De medezeggenschap zou wat die partijen betreft, over meer onderwerpen moeten meebeslissen of voorstellen in kunnen dienen. Niet alleen over de onderwijs- en examenregeling of de hoofdlijnen van de begroting, maar over alle zaken die te maken hebben met kerntaken als onderwijs en onderzoek.

Draagvlak

PUR-fractielid Martijn Klabbers las het boekje van WOinActie met veertig stellingen over de wetenschap en was niet onder de indruk. "WOinActie heeft één van de problemen goed geïdentificeerd: een te hoge werkdruk door enorme stijging van de werklast”, maar de verdere argumentatie en conclusies vindt hij twijfelachtig. "Je kan betrokkenheid vergroten door meer posities verkiesbaar te maken, maar of het dan beter wordt of meer politiek introduceert, vraag ik me af.” Hij denkt dat de auteurs de kracht van de huidige medezeggenschapsmogelijkheden niet kennen. “Om op die basis meer plannen te maken, waarvan ik vermoed dat die de bureaucratie ook kunnen vergroten, is ondoordacht. De recente wet versterking bestuurskracht heeft ook maar een beperkte impact gehad. Sommige inspraak is daar op een betere plek komen te liggen, maar het heeft zeker ook tot meer bureaucratie geleid.”

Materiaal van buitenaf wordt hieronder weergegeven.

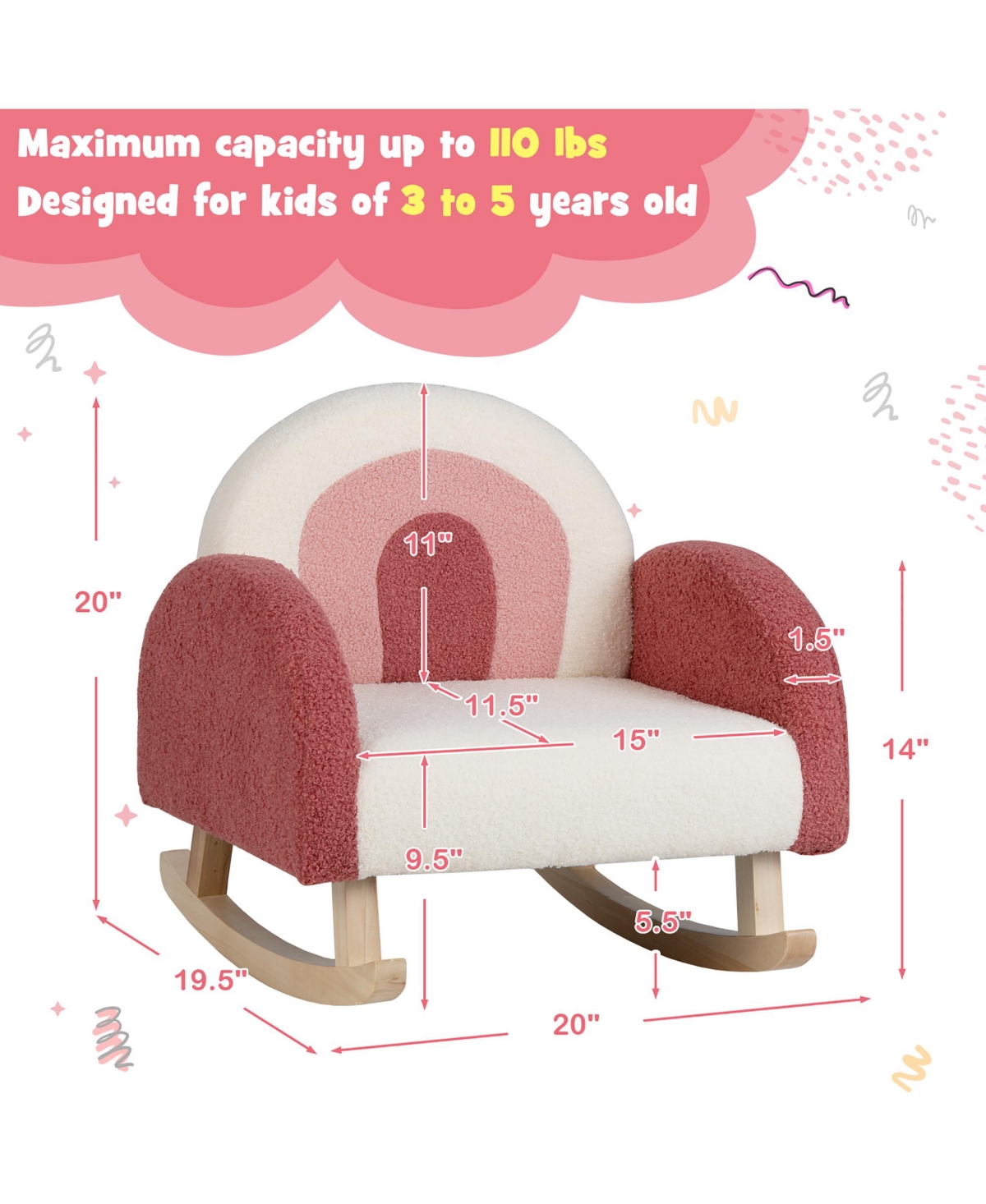 Kids Rocking Chair Children Armchair Velvet Upholstered Sofa w/ Solid Wood Legs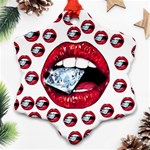Lips & Diamonds CBDOilPrincess 62cd68e7-1aab-47ac-986a-7899c6d06da7 Snowflake Ornament (Two Sides)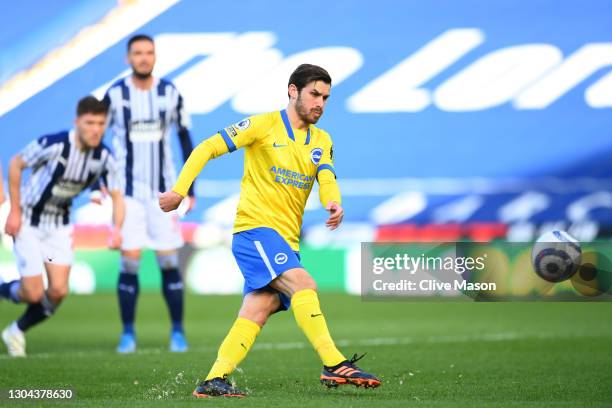 Pascal Gross of Brighton and Hove Albion misses a penalty during the Premier League match between West Bromwich Albion and Brighton & Hove Albion at...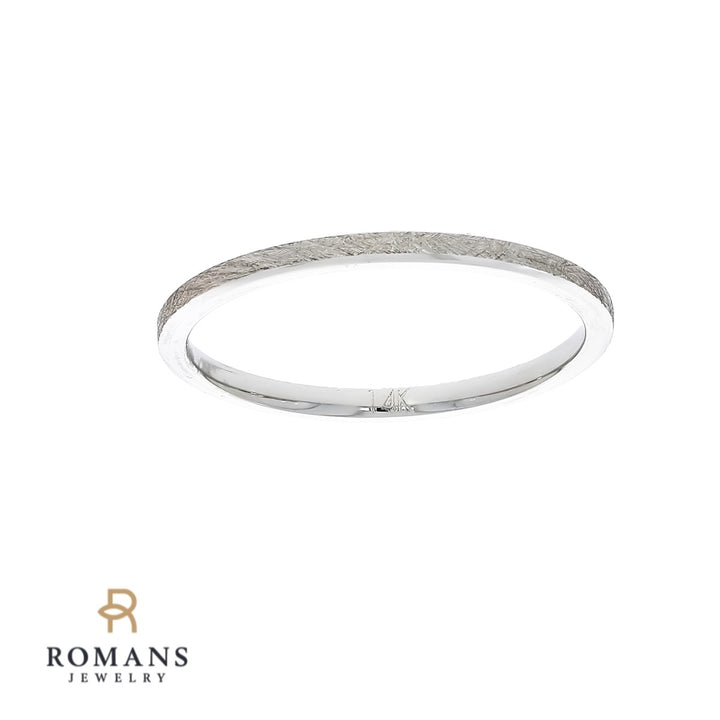 Ice Finish 2MM Band 14K White Gold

Het voorstel om studenten - “onze grootste groep directe stakeholders” -  meer in onze universiteit te betrekken, steunt hij zeker. En ook de wens om te experimenteren. “Ik ben het ook eens dat we zeer gemotiveerde medewerkers hebben, die graag meedenken over het bereiken van een hoge kwaliteit van onderzoek, onderwijs en maatschappelijke dienstverlening. Hoe we die relevantie voelbaar maken voor alle medewerkers, daar is het CvB al mee bezig geweest voor het WP en zouden we nu vooral ook voor de professionals/OBP moeten nastreven. Maar de manier waarop dat in dit voorstel wordt gesuggereerd, trek ik in twijfel. Voor medezeggenschap is het nu al lastig om goede kandidaten te krijgen. Van de rechten die de medezeggenschap heeft, wordt nu nog lang niet voldoende gebruik van gemaakt, en verkiezingen voor sleutelposities brengen een andere dynamiek, maar niet noodzakelijkerwijs een beter bestuur.”

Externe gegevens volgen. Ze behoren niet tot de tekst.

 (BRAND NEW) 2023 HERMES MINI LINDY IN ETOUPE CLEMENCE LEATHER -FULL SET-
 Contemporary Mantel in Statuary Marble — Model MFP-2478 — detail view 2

Klabbers vindt niet dat de hiërarchie zoals die hierboven wordt geschetst - “..de kerntaken onderzoek en onderwijs [zouden] verpletterd [worden] onder een management-en beheerscultuur.” - aan de TU/e aan de orde is. “Ons CvB zoekt vaak draagvlak voor beslissingen en bureaucratie is niet iets dat ik met de TU/e associeer. We documenteren dingen eerder te weinig. Er is ruimte voor verbetering.”

Slagkracht

Ook Ralph van Ierland, fractievoorzitter van Groep-één, zegt dat zijn fractie over het algemeen tevreden is “met de constructieve manier waarmee we hier gezamenlijk kunnen opereren. Dat hangt samen met een goede relatie tussen bestuur en medezeggenschap en voldoende openheid naar elkaar toe. We merken dat veel studenten willen meepraten, maar zich gelijktijdig afvragen wat de slagkracht van de medezeggenschap is."

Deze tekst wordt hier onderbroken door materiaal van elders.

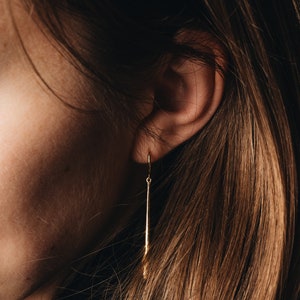 18K Vermeil Bar Earrings: Minimalist Waterproof Bar Studs Stack 18k Gold Plated Over 925 Sterling Silver Hoops Stacking Vela image 6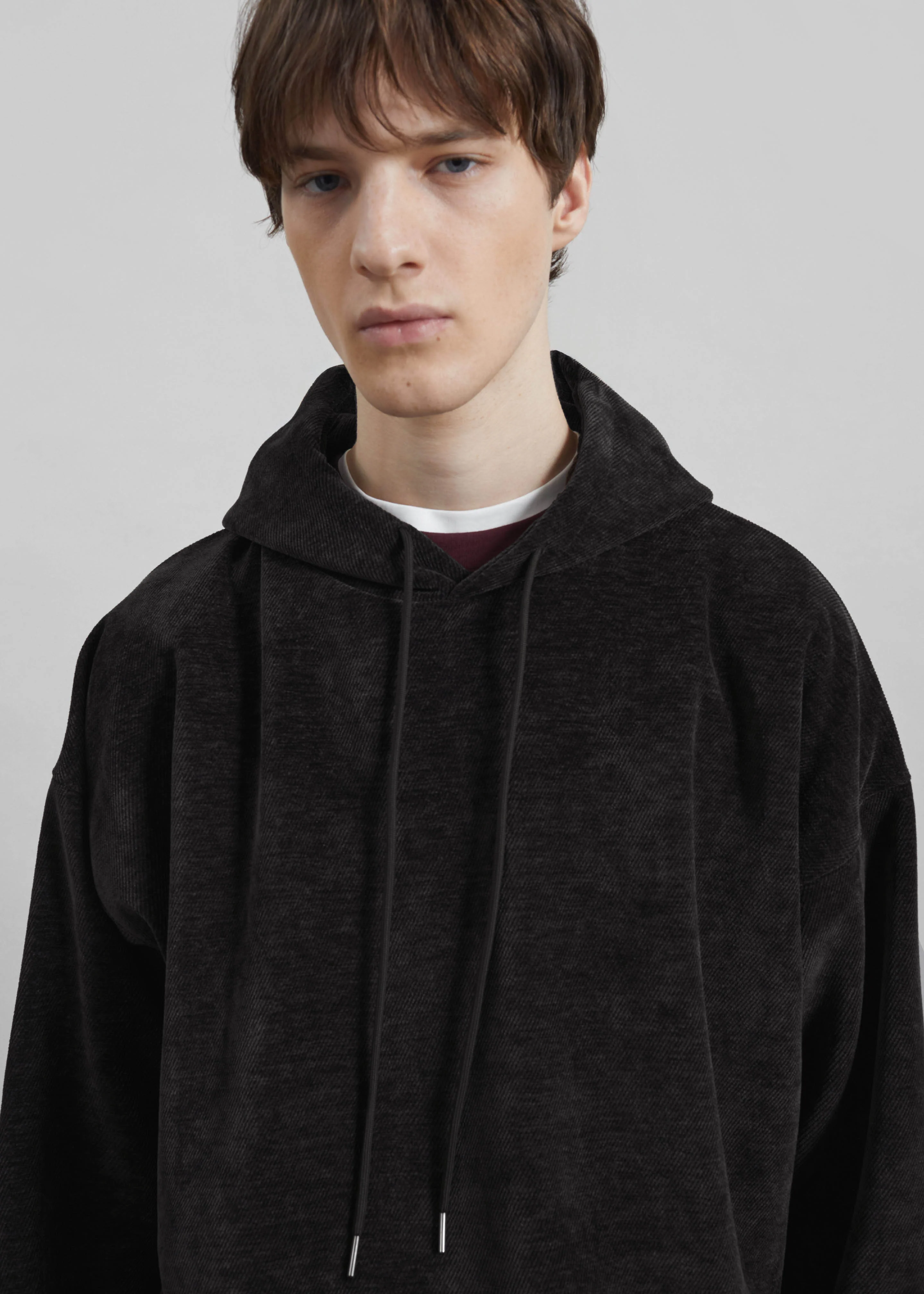 Caleb Velvet Hoodie - Black - Image 2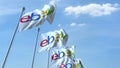 Waving flags with Ebay logo against sky, editorial 3D rendering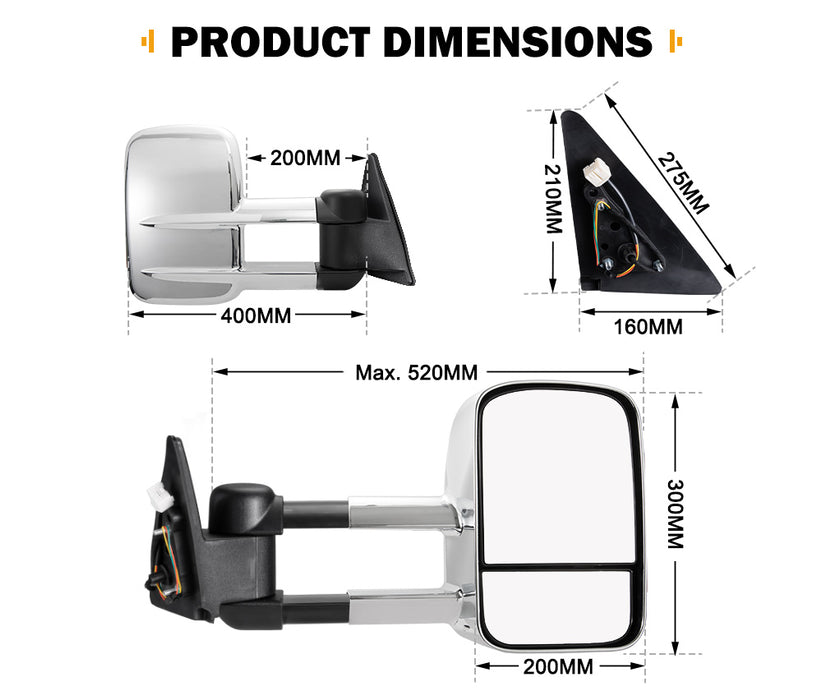 Extendable Towing Mirrors For Toyota Landcruiser 100 Series 1998-2007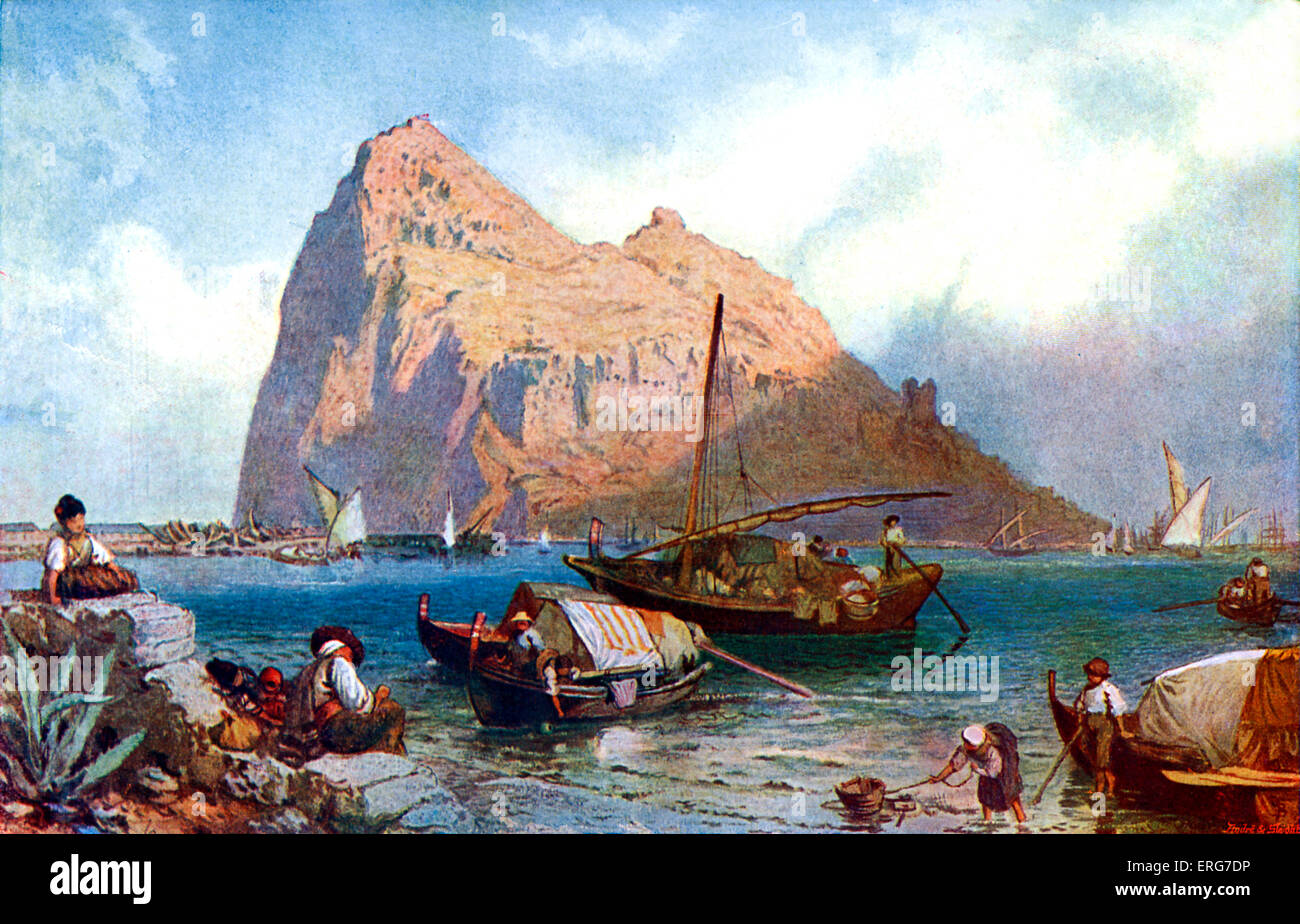 Gibilterra, dopo un disegno originale da Myles Birket Foster. Illustratore Inglese, 4 febbraio 1825 - 27 Marzo, 1899. Foto Stock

Volgens Van Ierland is het belangrijk om goed te weten waar je in je recht staat, en dat je mening ook gezien wordt als waardevol én impactvol. "Als op andere instellingen de mening van studenten en medewerkers onvoldoende wordt gehoord, zal er wat moeten veranderen. In Eindhoven zullen we meedenken hoe we dat zo goed mogelijk vorm kunnen geven. Er moet ook voldoende ruimte zijn om je als medezeggenschap goed te kunnen verdiepen in wat er speelt. En die verdieping moet dan resulteren in een constructief gesprek, tussen medewerkers, studenten en bestuur, zodat je gezamenlijk richting kunt geven.”